India’s exports of refined petroleum products (POL) are expected to decline in September, after rising for two consecutive months, on account of lesser outbound shipments of diesel and petrol.

According to OPEC’s monthly oil market report for October, “Product exports are expected to slip in September due to reduced outflows of diesel and gasoline driven by planned maintenance at export-oriented refiners.”

Trade sources also anticipate that exports from the world’s fourth largest refiner are likely to soften beginning September due to Autumn maintenance at refineries and stocking of auto fuels ahead of the festival October-December season, when domestic fuel consumption picks up.

POL Exports

As per the Petroleum Planning and Analysis Cell (PPAC), India’s POL exports rose to 5.36 million tonnes (mt) in July 2023 from 5.01 mt in June.

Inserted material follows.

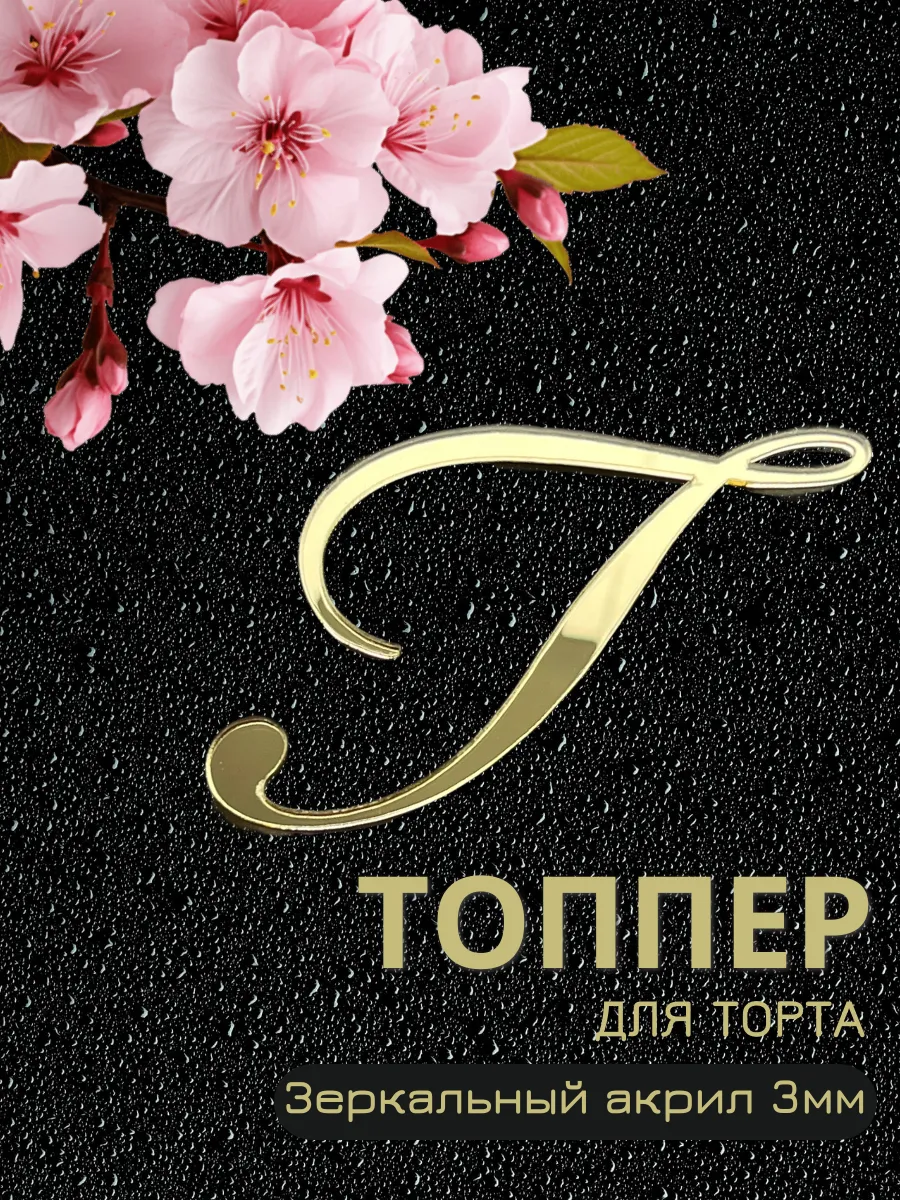 топпер для торта буква Г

PPAC data also show that India’s exports of POL rose by almost 9 per cent m-o-m to 5.83 mt in August largely supported by outbound shipments of diesel, Aviation Turbine Fuel (ATF) and fuel oil. This was the highest in FY24 and the second highest in the current calendar year.

According to OPEC’s monthly report, India’s product exports rose 7 per cent m-o-m, or 99,000 barrels per day (b/d), to average 1.4 million b/d (mb/d), a five-month high.

“Gains were seen in fuel oil, jet fuel and other products. The increase in outflows comes amid lower domestic demand during the monsoon season and higher demand for jet fuel on the international market. Compared to the same month last year, product outflows from India were up by 144,000 b/d, or 11 per cent,” it added.

Softening imports

OPEC said that India’s crude imports continued to decline, falling to a 10-month low of 4.4 mb/d in August, with the monsoon season weighing on domestic demand. Compared to the previous month, crude inflows were down 185,000 b/d, or 4 per cent. Y-o-Y, crude imports were lower by 0.3 mb/d, or around 6 per cent.

“In terms of crude imports by source, Kpler data show Russia was the top supplier of crude to India in August, with a share of 32 per cent, after holding a share of 44 per cent in July. Iraq was second with 20 per cent, followed by Saudi Arabia with 9 per cent.